## TASK STATEMENT
Each line of the records is to be returned verbatim, with the images omitted.

+-------+

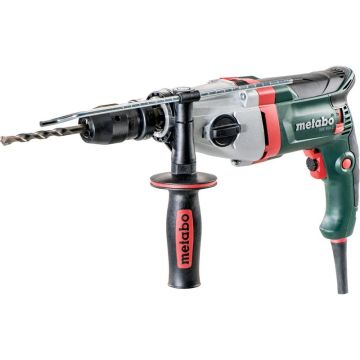Metabo Slagboremaskine SBE 850-2 FUTURO TOP 600782850
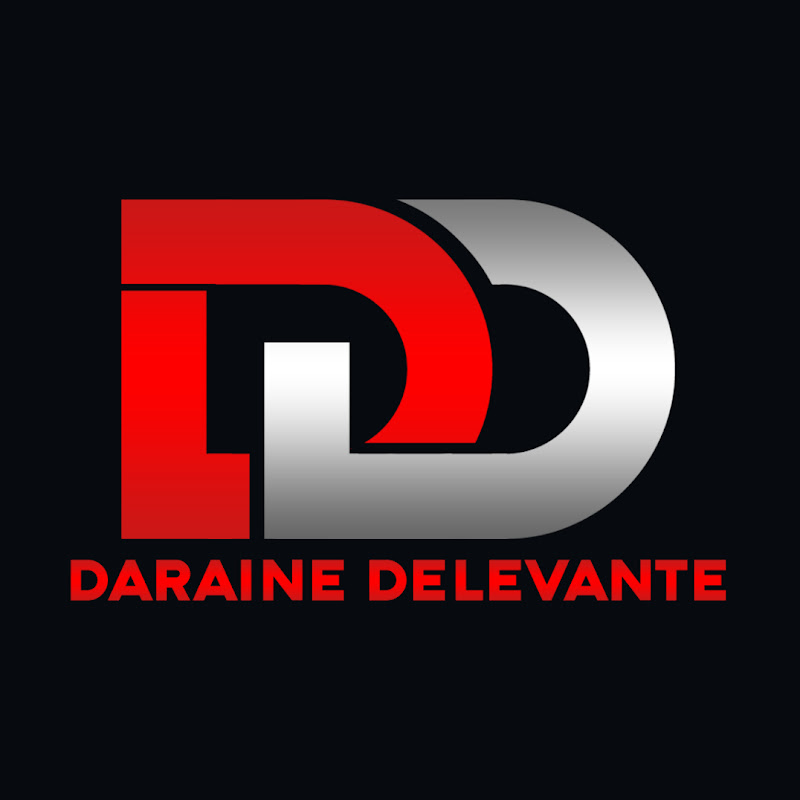 Daraine Delevante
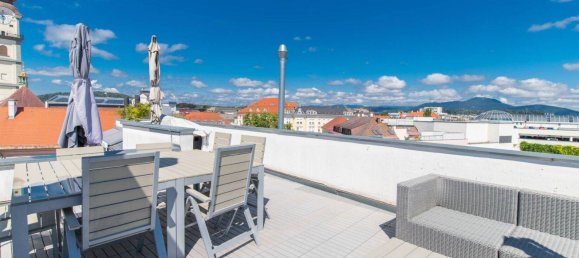 6غرفة بانتهاوس في Klagenfurt am Worthersee, Austria رقم 23400 30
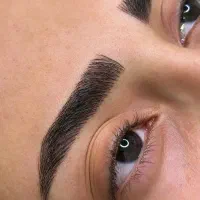 تخفیف ویژه میکرو ابرو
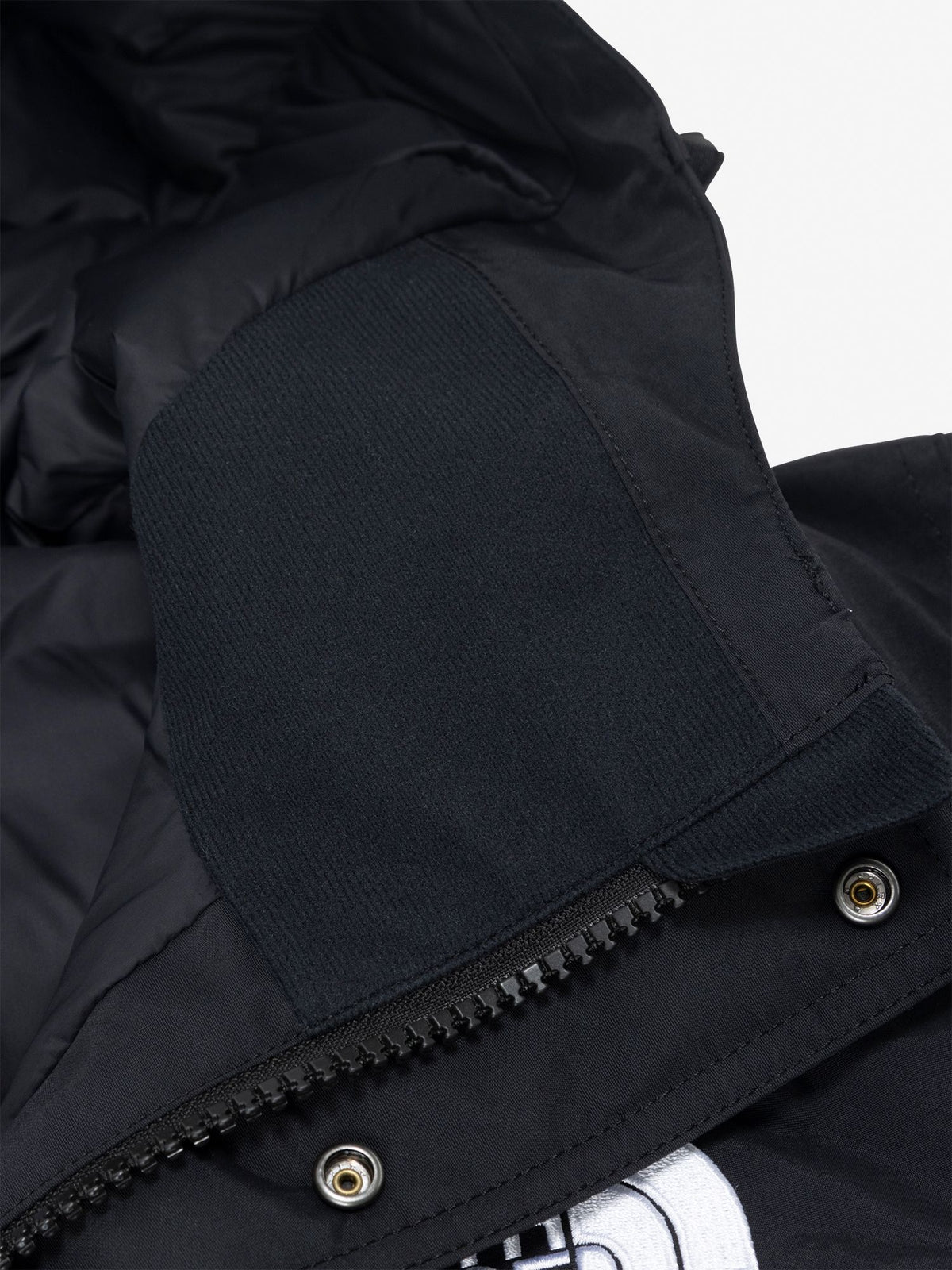 THE NORTH FACE(ザ・ノース・フェイス) ｜マウンテンダウンジャケット（ユニセックス）｜品番：ND92549｜画像22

+-------+

## OUTPUT FOR THIS TASK
Metabo Slagboremaskine SBE 850-2 FUTURO TOP 600782850
 Daraine Delevante
 6غرفة بانتهاوس في Klagenfurt am Worthersee, Austria رقم 23400 30
 تخفیف ویژه میکرو ابرو
 THE NORTH FACE(ザ・ノース・フェイス) ｜マウンテンダウンジャケット（ユニセックス）｜品番：ND92549｜画像22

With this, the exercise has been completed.